I typically add events the day of the competition. I'd rather add events than drop them. But at the last Wisconsin and the last Minnesota, BLD was added the day of the competition.

It depends a lot on turnout and volunteers, but I am usually able to manage to add events. The events are usually determined by the request of the volunteers, that's why we have Square-1 and Skewb.


----------



## pjk (Dec 17, 2008)

Glad you were able to set something up in Minneapolis, good work. I'll try to make it, but it all depends on how my schedule works out.


----------



## Bob (Dec 18, 2008)

true. i might go if there is BLD...and if phil promises to let me win one event.

EDIT: ...and if it doesn't cost almost $400! holy crap!


----------



## JBCM627 (Dec 18, 2008)

Bob said:


> true. i might go if there is BLD...and if phil promises to let me win one event.
> 
> EDIT: ...and if it doesn't cost almost $400! holy crap!



Yeah, whoa, flights are expensive there


----------



## Lord Voldemort (Dec 26, 2008)

Maybe not appropriate place to ask, but w/e.
I'm live in Minnesota, so it's pretty close to me, and I'm considering going to this.
I was just wondering if everyone that goes to competitions are pros, because I seriously don't want to show up there as the only person who gets more than 15 seconds or something.


----------



## MistArts (Dec 26, 2008)

Lord Voldemort said:


> Maybe not appropriate place to ask, but w/e.
> I'm live in Minnesota, so it's pretty close to me, and I'm considering going to this.
> I was just wondering if everyone that goes to competitions are pros, because I seriously don't want to show up there as the only person who gets more than 15 seconds or something.



You should go to a competition for fun, not to win.


----------



## Lord Voldemort (Dec 26, 2008)

I never expected to win, but I was a bit intimidated of being surrounded by all elite cubers.


----------



## Carson (Dec 26, 2008)

Lord Voldemort said:


> I never expected to win, but I was a bit intimidated of being surrounded by all elite cubers.



I organize competitions and my typical average is not much below a minute.

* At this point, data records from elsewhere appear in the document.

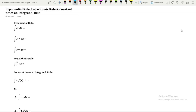Hello everyone, welcome back. In today's video we are going to discuss three rules of integration. The first rule is the exponential rule, the second one is the logarithmic rule, and the third one is the constant times an integrand rule. Let us start with the exponential rule.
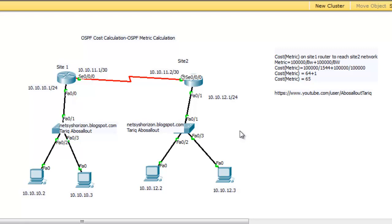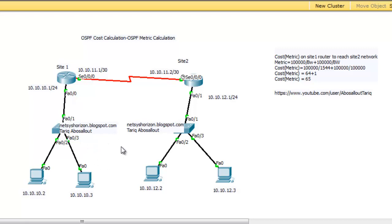Configuring OSPF will be in the upcoming videos. I have configured Site-1 and Site-2 routers as OSPF routers. Now let's know how OSPF calculates the cost of any link or any interface. The cost of any link in OSPF equals 100,000 divided by the configured bandwidth.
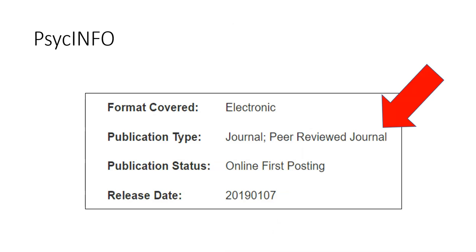So if your professor requires a certain number of peer-reviewed sources, you may be able to tell in the detailed record of a particular article if it is peer-reviewed. For example, in PsycInfo it will tell you that it's a peer-reviewed journal article in the detailed record.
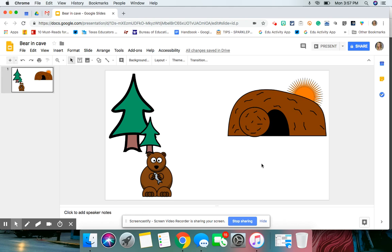Hi guys, today I'm going to show you how to make a GIF using Google Slides.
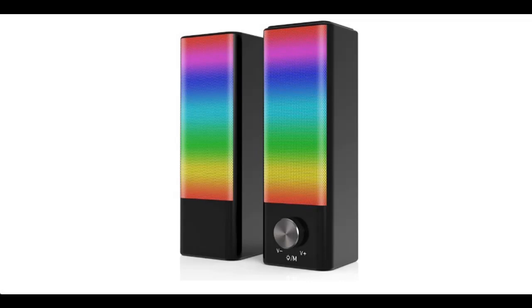Introducing the Chududu PC Gaming Speakers with magnetic attraction, dynamic RGB 2.0 channel stereo, and desktop computer sound bar features.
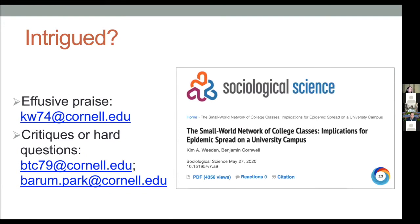I'll stop there. The paper appeared in Sociological Science in May. If you have praise about the paper, you're welcome to contact me at kw74@cornell.edu. All the critiques and hard questions really should go to Ben, so just keep that in mind as we go forward. Thanks.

Don't worry, pretty much every competition will have cubers that average above a minute. 

Yes, it IS a competition, but don't think about it that way. Use the competition as a way to network and as an opportunity to meet some really good cubers and absorb as much of their knowledge as you can.


----------



## philkt731 (Dec 26, 2008)

There's usually not too many sub 15 cubers at the comps I go to, possibly 2 to 4, but again its more about the experience


----------